An exact copy of the listing is required, with its pictures removed.
========
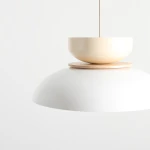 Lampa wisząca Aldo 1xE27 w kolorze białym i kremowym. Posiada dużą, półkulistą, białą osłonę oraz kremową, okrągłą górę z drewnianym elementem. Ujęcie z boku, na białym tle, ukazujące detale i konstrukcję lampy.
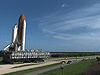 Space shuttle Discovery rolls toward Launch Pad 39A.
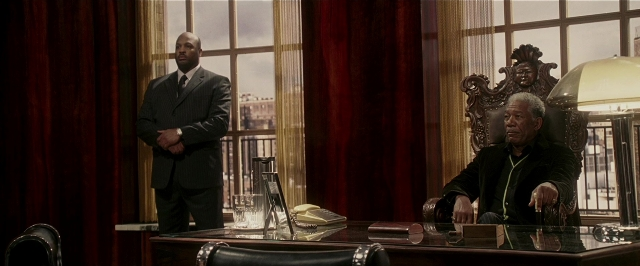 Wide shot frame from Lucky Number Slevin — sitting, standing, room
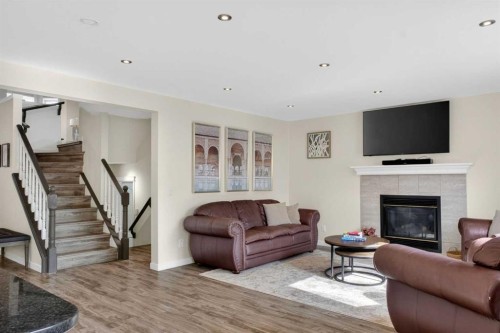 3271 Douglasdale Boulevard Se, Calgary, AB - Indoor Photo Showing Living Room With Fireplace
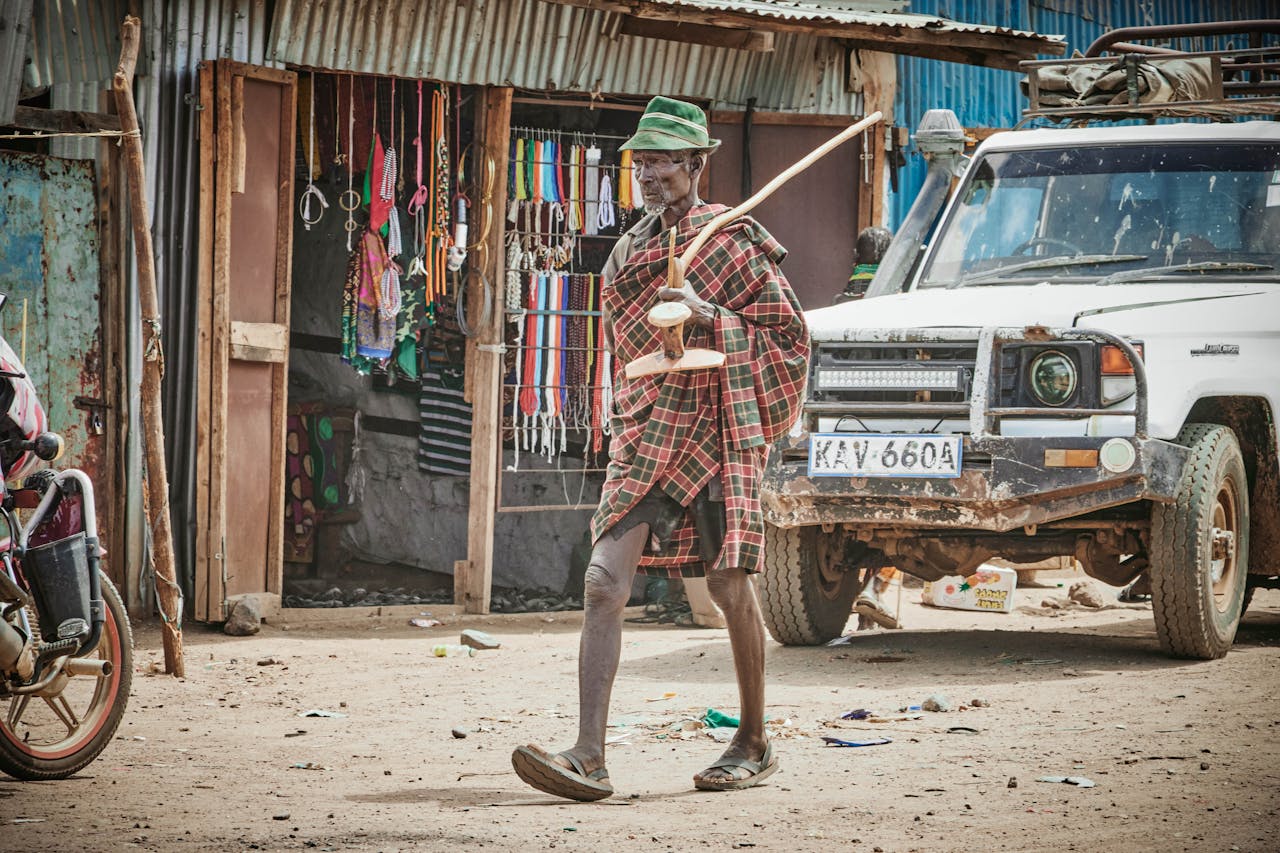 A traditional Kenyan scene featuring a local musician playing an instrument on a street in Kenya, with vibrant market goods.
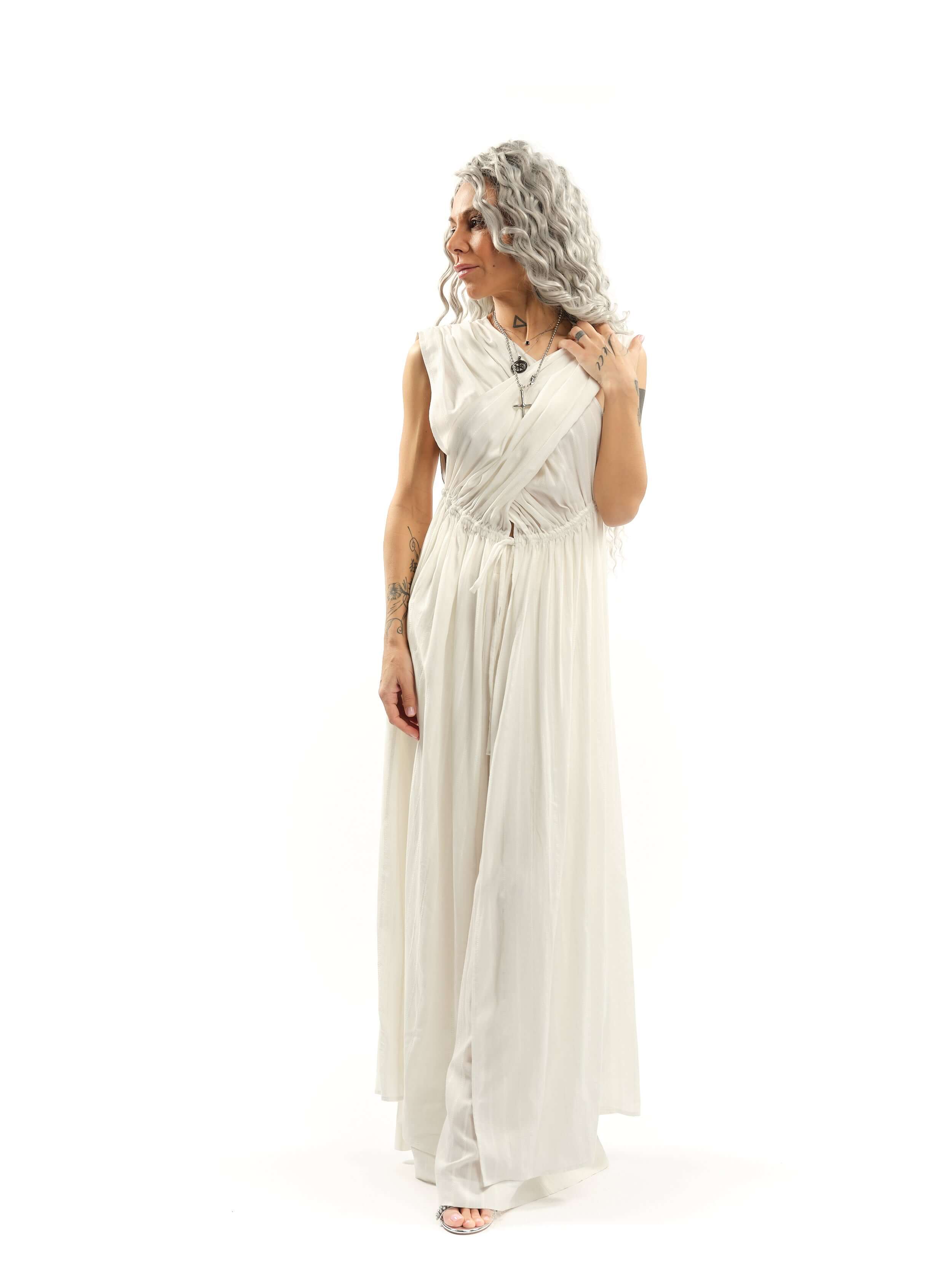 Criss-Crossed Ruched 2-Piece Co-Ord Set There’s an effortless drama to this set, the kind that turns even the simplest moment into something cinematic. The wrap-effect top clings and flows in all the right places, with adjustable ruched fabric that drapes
========
Exercise output:
 Lampa wisząca Aldo 1xE27 w kolorze białym i kremowym. Posiada dużą, półkulistą, białą osłonę oraz kremową, okrągłą górę z drewnianym elementem. Ujęcie z boku, na białym tle, ukazujące detale i konstrukcję lampy.
 Space shuttle Discovery rolls toward Launch Pad 39A.
 Wide shot frame from Lucky Number Slevin — sitting, standing, room
 3271 Douglasdale Boulevard Se, Calgary, AB - Indoor Photo Showing Living Room With Fireplace
 A traditional Kenyan scene featuring a local musician playing an instrument on a street in Kenya, with vibrant market goods.
 Criss-Crossed Ruched 2-Piece Co-Ord Set There’s an effortless drama to this set, the kind that turns even the simplest moment into something cinematic. The wrap-effect top clings and flows in all the right places, with adjustable ruched fabric that drapes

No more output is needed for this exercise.